Cassie strained for a glimpse of his face, but she was swallowed up in the watery darkness.
You must be dead. . . You must be dead to be so blind and cold and still.
But as slowly as sunrise, her eyes were opening to reveal the glow of a fire. The flames did nothing to warm her, but soaked her with sweat, so that she felt as though she were burning and drowning at the same time. And this time, the Burning Man knelt so close to her she could feel his breath.

'It's going to be okay, Cassie. You're safe now.'

The roar of the ocean in Cassie's ears softened to rain tapping on the roof of a cabin. Jake's cabin.

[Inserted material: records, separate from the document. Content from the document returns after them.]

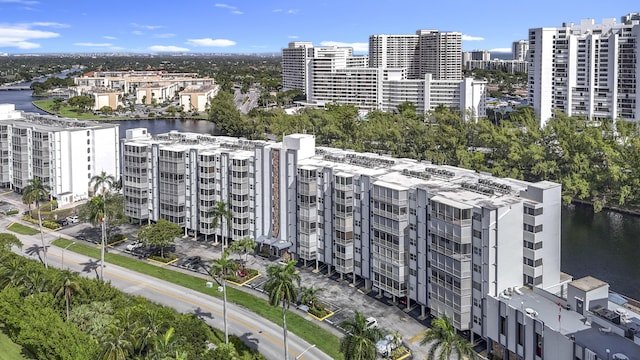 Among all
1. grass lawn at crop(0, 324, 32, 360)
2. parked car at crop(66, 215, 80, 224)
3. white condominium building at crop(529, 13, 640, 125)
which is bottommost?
grass lawn at crop(0, 324, 32, 360)

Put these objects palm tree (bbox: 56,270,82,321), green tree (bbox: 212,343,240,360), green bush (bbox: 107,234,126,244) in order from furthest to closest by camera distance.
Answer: green bush (bbox: 107,234,126,244) < palm tree (bbox: 56,270,82,321) < green tree (bbox: 212,343,240,360)

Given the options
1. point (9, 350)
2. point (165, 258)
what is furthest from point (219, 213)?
point (9, 350)

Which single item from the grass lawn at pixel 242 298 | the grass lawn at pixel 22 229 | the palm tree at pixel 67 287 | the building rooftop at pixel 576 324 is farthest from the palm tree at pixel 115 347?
the grass lawn at pixel 22 229

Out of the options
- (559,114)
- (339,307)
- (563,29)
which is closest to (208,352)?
(339,307)

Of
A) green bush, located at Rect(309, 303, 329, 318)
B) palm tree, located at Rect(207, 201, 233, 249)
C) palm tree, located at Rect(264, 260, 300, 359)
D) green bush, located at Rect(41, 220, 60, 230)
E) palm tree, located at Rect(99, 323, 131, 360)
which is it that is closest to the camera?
palm tree, located at Rect(99, 323, 131, 360)

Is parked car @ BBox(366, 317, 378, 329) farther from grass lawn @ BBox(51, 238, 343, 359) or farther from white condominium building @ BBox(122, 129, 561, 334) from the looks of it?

He sat down on the mattress where she lay. 'Iris . . .' she began, but it hurt to speak and she stumbled over the words. Rain sizzled on the logs in the fireplace, and smoke seeping from it into the room made her cough. At last she managed, 'Take . . . me . . . home.' Her voice was small and scared as she said it, but she no longer cared whether she sounded like a child in front of him. Just so he helped her.

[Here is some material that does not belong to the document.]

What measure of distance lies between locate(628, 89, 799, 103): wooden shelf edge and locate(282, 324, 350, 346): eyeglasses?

'I found you in the clearing,' he said. 'I'm getting you on the next plane out of Bangor.' Before she could throw her arms around him for saying it, he stood up and walked over to the Moog. Cassie watched as he selected a tape and began threading it onto his Nagra, like a hunter loading a gun.

'What are you doing?'

He didn't answer. The storm had suddenly died, the drumming of raindrops reduced to a staccato beat, and he was listening to another sound, dimly perceptible beyond it. He tilted his head, as though the sound froze him in place, and Cassie strained to hear it too.

The music. The flames in the fireplace flared as if they were being fed by the sound. The music seemed to be fanning some flame inside Jake, too, she thought, something feverish and intense. She didn't like what it did to him, the way his muscles tensed, the way his eyes took on a haunted look.

'I've got to go . . .'He pulled a sweatshirt over his head.

'You said you were going to take me . . .'

'I will. But first I've got to find out where it comes from. I...'

'No!' Her voice was suddenly shrill: 'You won't come back. You . . .' She tried to pull herself up from the mattress, but the cramps in her stomach forced her back down again, onto the grimy sheets. 'Please . . .' She began to cry softly.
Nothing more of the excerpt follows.